KU was a solid, if unspectacular, unit in 1980-81, coached by Ted Owens, an outstanding coach who gets buried behind the headlines created by Naismith, Allen, Williams, Self and Larry Brown before and after him. Owens took the Jayahwks to the Final Four in 1971 and 1974, quite an achievement in the days when only one team per conference qualified for the NCAA tournament.
The No. 7 seed Jayhawks beat Ole Miss in the first round, then upended the Sun Devils to join the Shockers, Razorbacks and Bayou Bengals in the Big Easy.
LSU fans have developed a healthy dislike for both KU and WSU through the years, but in 1980-81, the first Midwest semifinal was just a time killer before the main attraction.
What a time killer it was. The Shockers and Jayhawks engaged in one of the best games of the tournament, with little brother from the big city coming out on top–barely, 66-65.
Coincidentally, K-State reached the 1981 West regional final under Jack Hartman despite being the No. 8 seed. The Wildcats shocked top ranked Oregon State in the second round and ousted Illinois in the Sweet 16 before falling to North Carolina, led by James Worthy, in the Elite Eight at Salt Lake City.

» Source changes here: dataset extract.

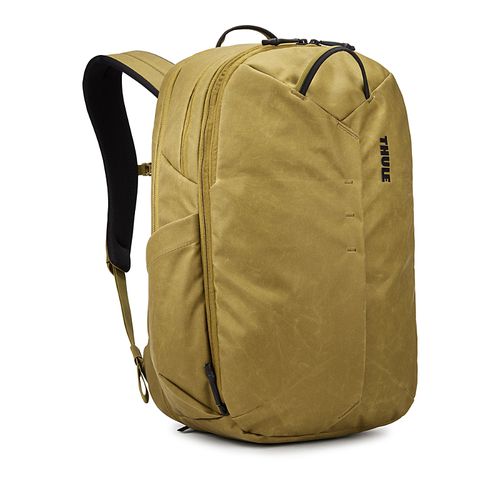 Aion Backpack, 28L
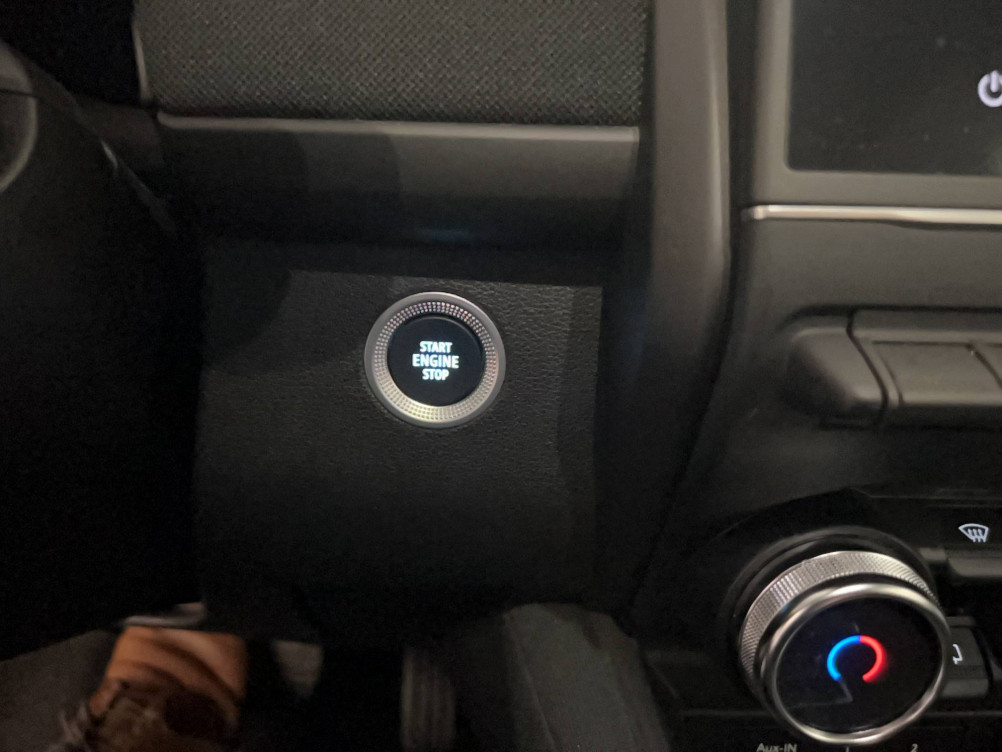 Acheter Renault Zoe Zoe R110 Achat Intégral - 21 Life 5p occasion dans les concessions du Groupe Faurie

WSU lost the Midwest regional final to LSU 96-85. Smithson would get the program put on major probation by the NCAA and fired, and it took Eddie Fogler several years to pull the Shockers out of the doldrums. It wasn’t until Mark Turgeon came along where WSU finally became a postseason contender year in and year out.
Owens was fired following two bad years in 1982 1nd 1983. Larry Brown was hired from the New Jersey Nets and took the Jayhawks to five NCAA tournaments in five years, reaching hte Final Four in 1986 and winning it all in 1988. He bolted back to the NBA and the San Antonio Spurs shortly after the championship, well aware the NCAA was about to hammer KU for violations committed under Owens and himself. Roy Williams was left to clean up the mess.
If KU and WSU meet Saturday in Louisville, the winner could have the unenviable task of taking on the mighty Big Blue from the Bluegrass. At least one team can say they made the Elite Eight if that happens.